What would be an example of such an experiment?

By my understanding, even if we have no idea what gas we have, if we put it into a calorimeter and measure the amount of heat we need to transfer to it to change its temperature to some value, we will get a value that will be different for a gas made up of only argon versus one that contains both neon and argon. Doesn't this show that there is some objective definition of the entropy of the gas that doesn't care about an observer's knowledge of it?

Actually the molar heat capacity for neon, or argon, or a mixture thereof, is the same. These are monotomic ideal gases as far as your calorimeter measurements can see.

If the number of particles is the same you’ll need the same heat to increase the temperature by some amount and the entropy increase will be the same. Of course you could do other things to find out what it is, like weighing the container or reading the label.

No, they are not. The entropy of an ideal monatomic gas depends on the mass of its atoms (see the Sackur–Tetrode equation). And a gas mix is not an ideal monatomic gas; its entropy increases at the same temperature and volume compared to an equal volume divided between the two gases.

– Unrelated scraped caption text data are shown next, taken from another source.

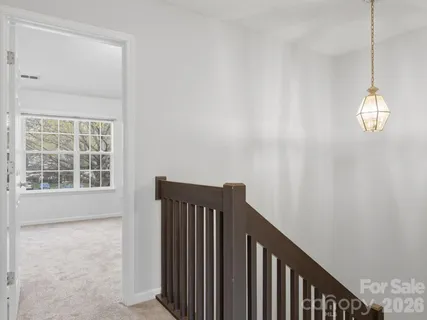 a view of a hallway with windows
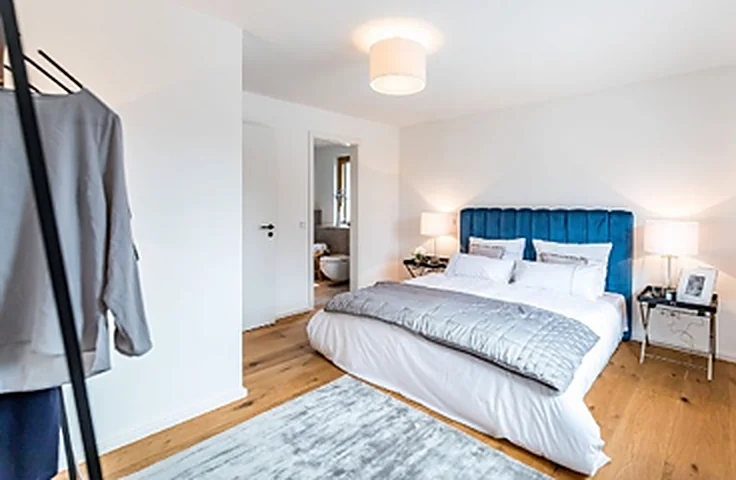 Schlafraum mit Bett, Eichenparkett und weichem Tageslicht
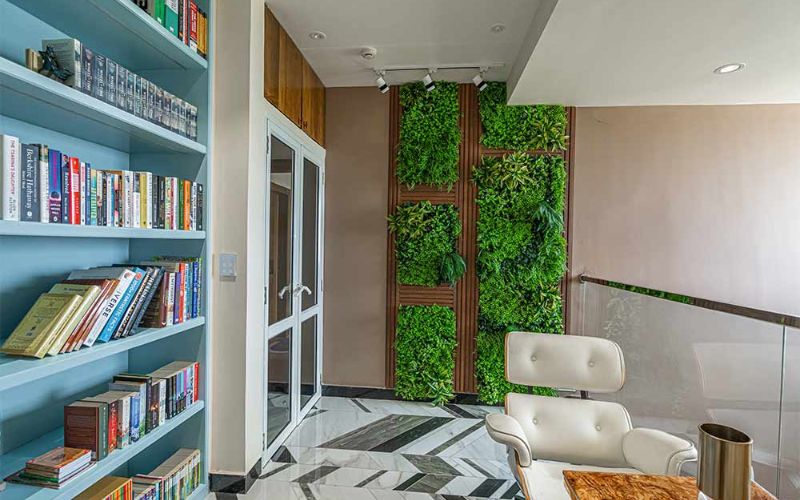 A lush living wall brings life to a modern home office, reflecting the expertise of Kolkata's interior decorators.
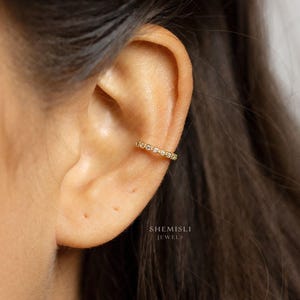 Peut inclure: Un ear cuff doré orné de petites pierres précieuses transparentes. Le bijou est porté sur le cartilage de l'oreille. L'image affiche également le nom de la marque "SHEMISLI JEWELS".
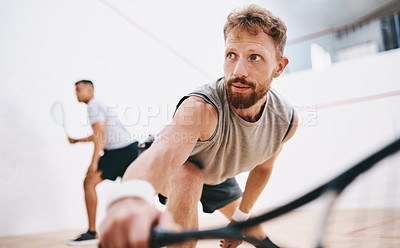Buy stock photo Shot of two young men playing a game of squash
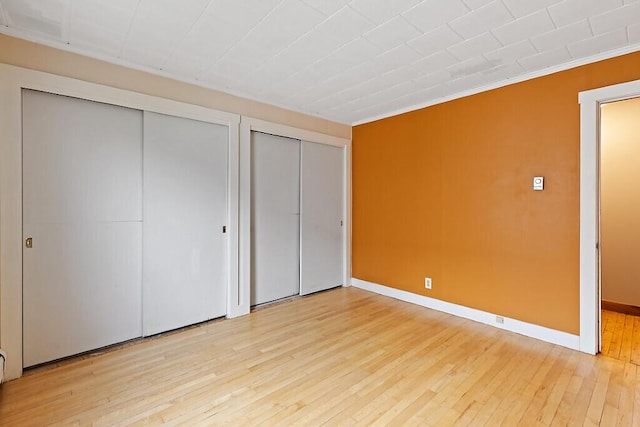 19 Fourth Ave, Augusta, ME 04330 - unfurnished bedroom with multiple closets, light wood-style floors, baseboards, and ornamental molding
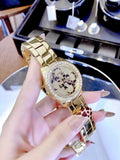 Guess G Twist Diamonds Gold Dial Gold Steel Strap Watch For Women - W1201L2 Authentic Buy Shop Now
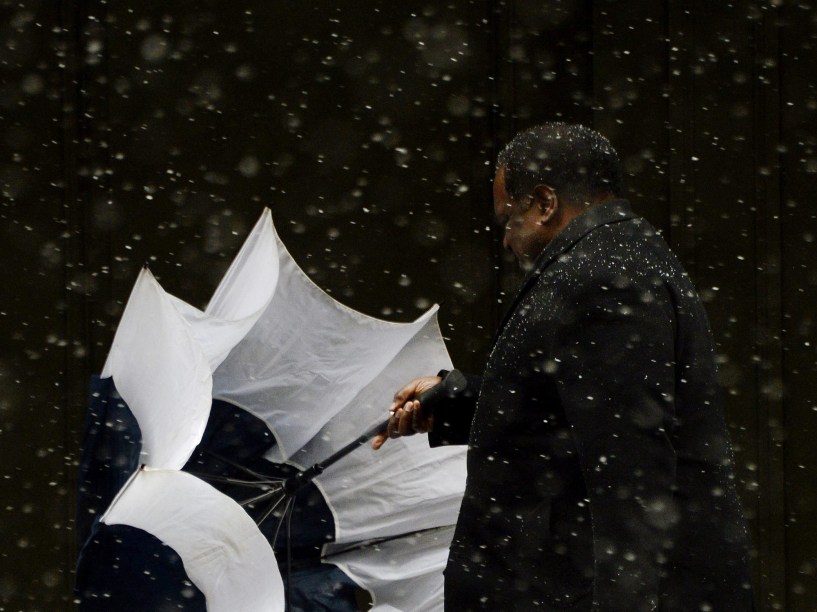 Em Nova York, homem tenta abrir sua sombrinha durante tempestade de neve que atinge o leste dos Estados Unidos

Also, entropy is not the same thing as heat capacity. It's true that I didn't describe the entropy measurement process very well, so I may have been ambiguous, but they are not the same quantity.

I'll leave the discussion here but let me remind you that you talked (indirectly) about changes in entropy and not about absolute entropies: "if we put it into a calorimeter and measure the amount of heat we need to transfer to it to change its temperature to some value".

Note as well that the mass dependence in that equation for the entropy is just an additive term. The absolute value of the entropy may be different but the change in entropy is the same when you heat a 1l container of helium or neon or a mixture of them from 300K to 301K. That's 0.0406 moles of gas. The heat flow is 0.506 joules. The change in entropy is approximately 0.0017 J/K.

> And a gas mix is not an ideal monatomic gas; its entropy increases at the same temperature and volume compared to an equal volume divided between the two gases.

A mix of ideal gases is an ideal gas and its heat capacity is the weighted average of the heat capacities (trivially equal to the heat capacity of the components when it's the same). The change of entropy when you heat one, or the other, or the mix, will be the same (because you're calculating exactly the same integral of the same heat flow).

The difference in absolute value is irrelevant when we are discussing changes in entropy and measurements of the amount of heat needed to increase the temperature and whether you "will get a value that will be different for a gas made up of only argon versus one that contains both neon and argon".